Sequencing of the rearranged IgH V-D-J locus was performed as described previously (Bashford-Rogers et al., 2013). In brief, mRNA extracted from samples of the 3CHT A13 time course (see the Cell culture and time courses section) was reverse transcribed into cDNA that was used to PCR amplify IgH V-D-J as previously described. MiSeq libraries were prepared using Illumina protocols and sequenced using 300-bp paired-end MiSeq (Illumina). Raw MiSeq reads were filtered for base quality (median >32) using the QUASR program (Watson et al., 2013). Nonimmunoglobulin sequences were removed, and only reads with significant similarity to reference IgHV genes from the International Immunogenetics Information System database (Lefranc et al., 2009) using BLAST (Altschul et al., 1990) were retained (10⁻¹⁰ E-value threshold). Primer sequences were trimmed from the reads, and sequences were retained for analysis only if both primer sequences were identified. Network analyses were performed as described previously (Bashford-Rogers et al., 2013). To determine the fold increase in the number of mutated sequences in the top four clusters, the sequences from the HT+/− samples on days 0, 15, 30, and 60 were combined clustered according to the criteria in this paragraph. The largest four clusters in the combined dataset were identified, and the time point at which each unique B cell receptor was first observed was determined. On this basis, the fold increase in the number of mutated sequences was determined compared with the number of mutated sequences in each clone in the day 0 sample. P-values were determined by paired Student’s t tests in R.

Fig. S1 shows that repression of BCL6 is independent of EBNA3C and that induction of AID is dependent on the ability of EBNA3C to interact with RBPJ. Fig.

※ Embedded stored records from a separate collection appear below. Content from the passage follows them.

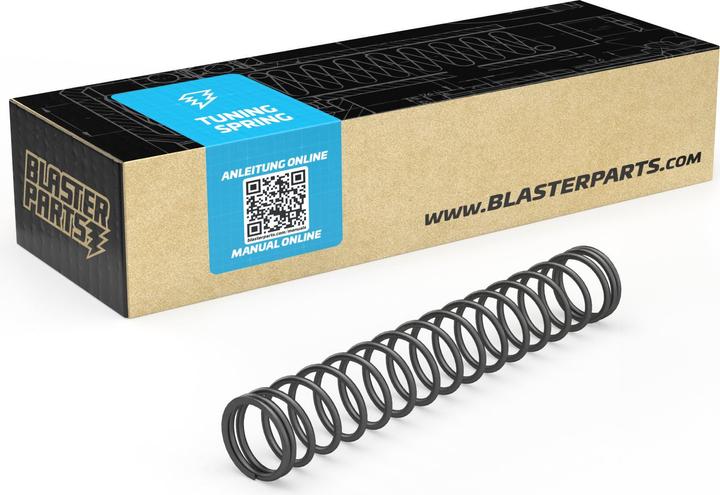 Produktbild Nerf Tuning-Feder, Tactical Range, passend für BuzzBee - Air Warriors Agitator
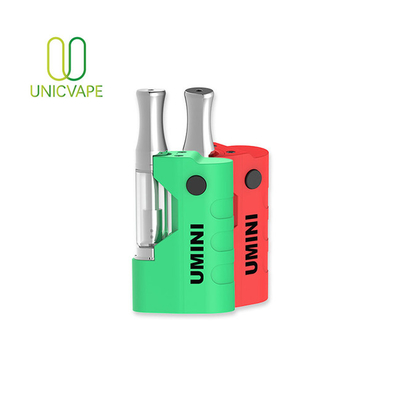 Наборы 500mah mod коробки сигареты потока e CBD 510 для масла Vape Cbd перепада 8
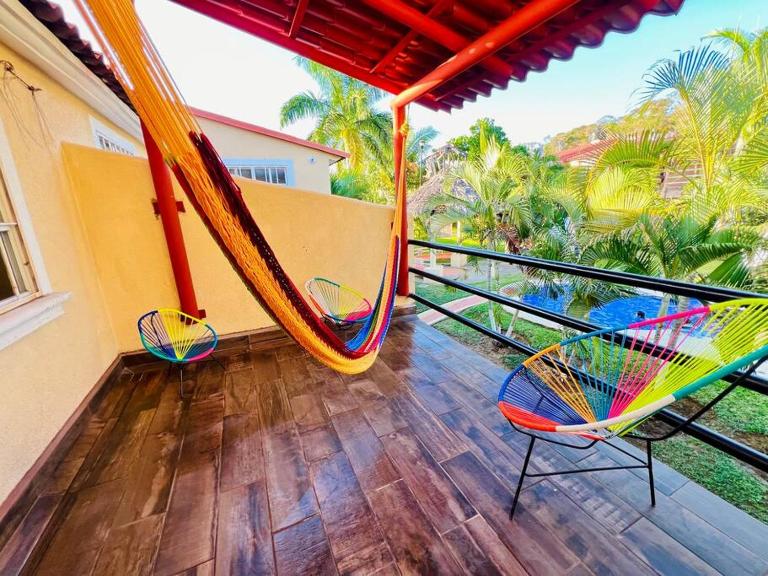 Casa a 7 min de playa - B&B Ixtapa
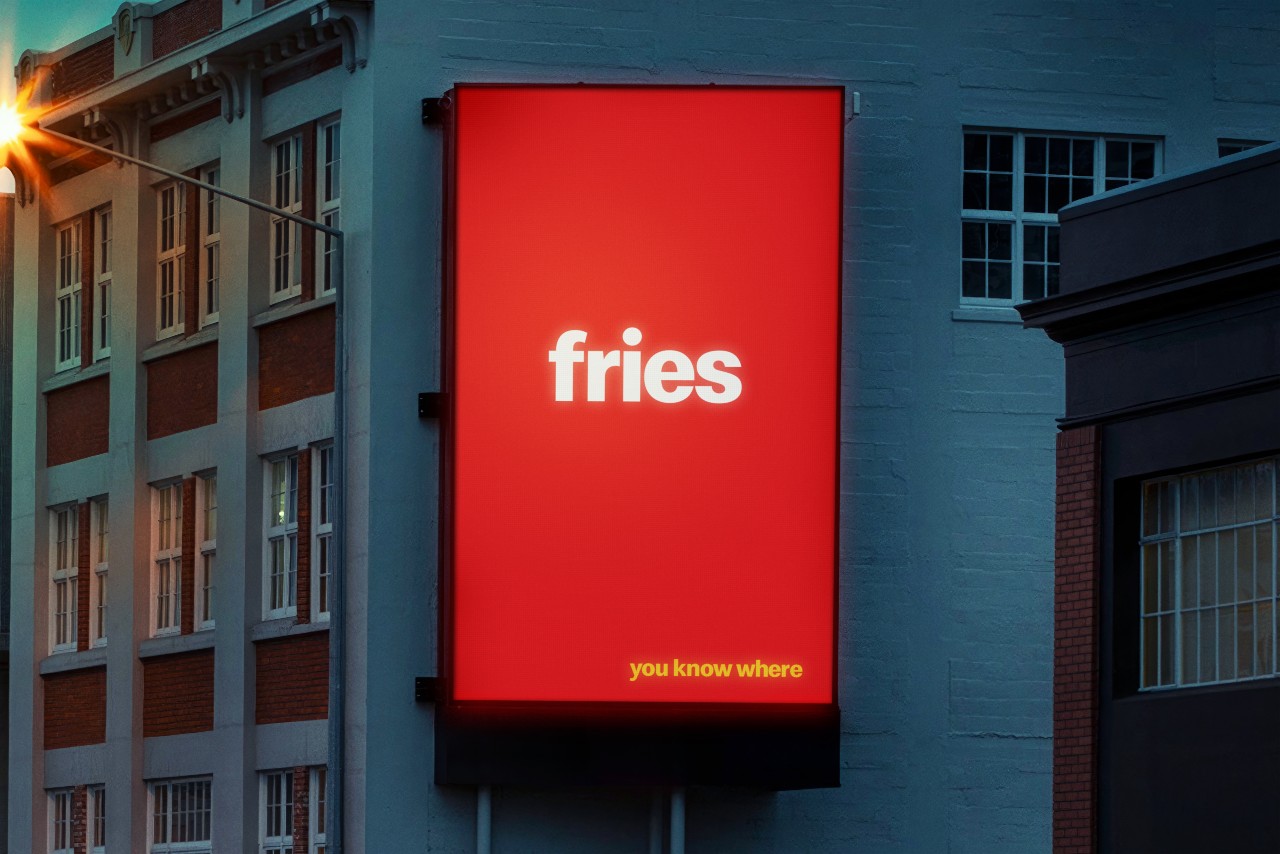 fries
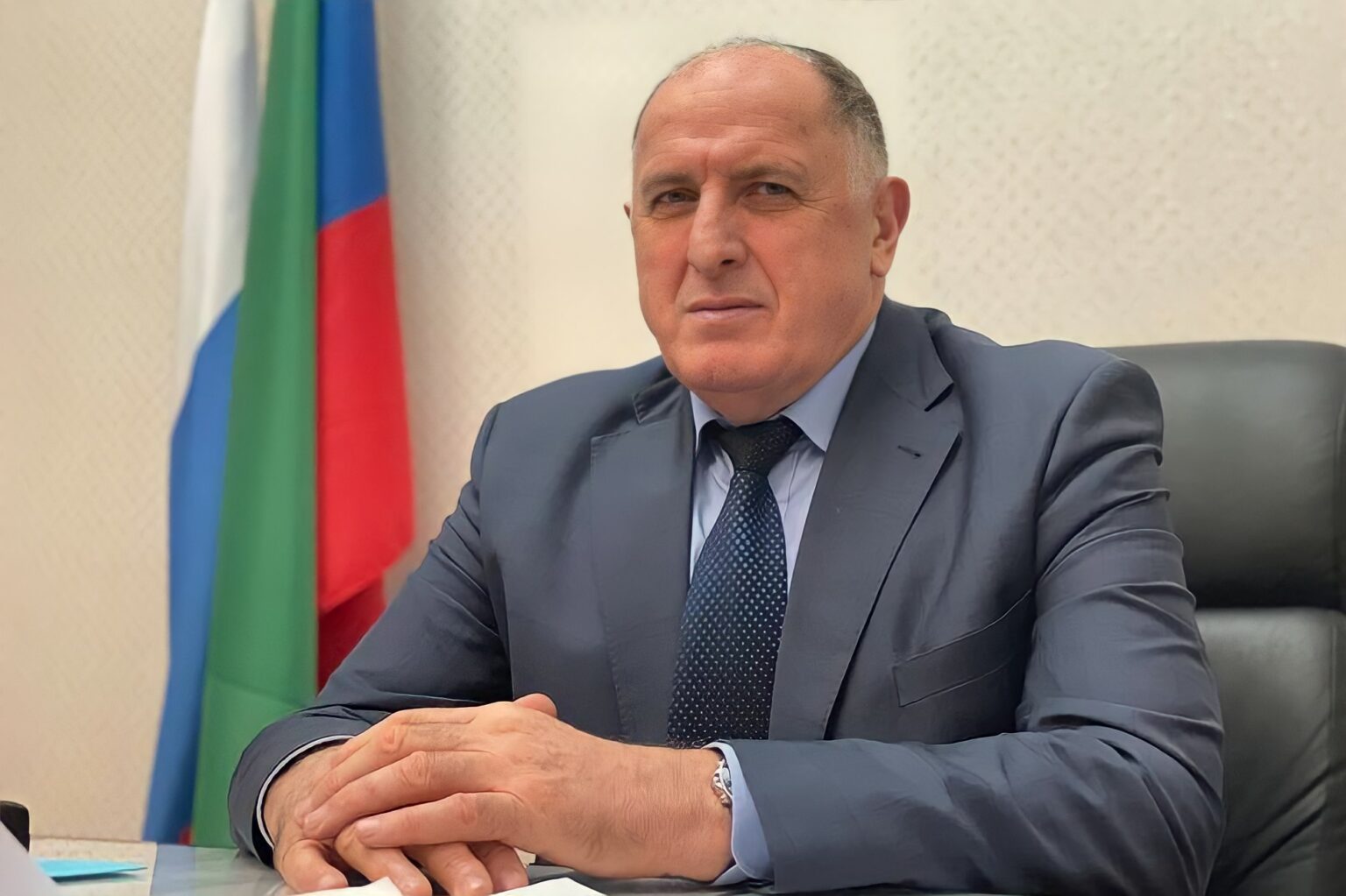 Распоряжением Председателя Правительства РД Ярослав Глазов назначен первым заместителем министра здравоохранения Дагестана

S2 shows ChIP-qPCR verification of EBNA3C occupancy at regulatory regions of AICDA. Fig. S3 shows the higher order chromatin structure of the AICDA locus in LCL GM12878. Table S1 provides additional information on the number of sequencing reads and unique V-D-J rearrangements per sample. Table S2 provides additional information on the four major clones analyzed. Table S3 lists primers used in RT-qPCR. Table S4 lists primers used in ChIP-qPCR.

Funding was provided by the Wellcome Trust through a Senior Investigator award to M.J. Allday (099273/Z/12/Z) and a studentship to J.S. Kalchschmidt (097005).

The authors declare no competing financial interests.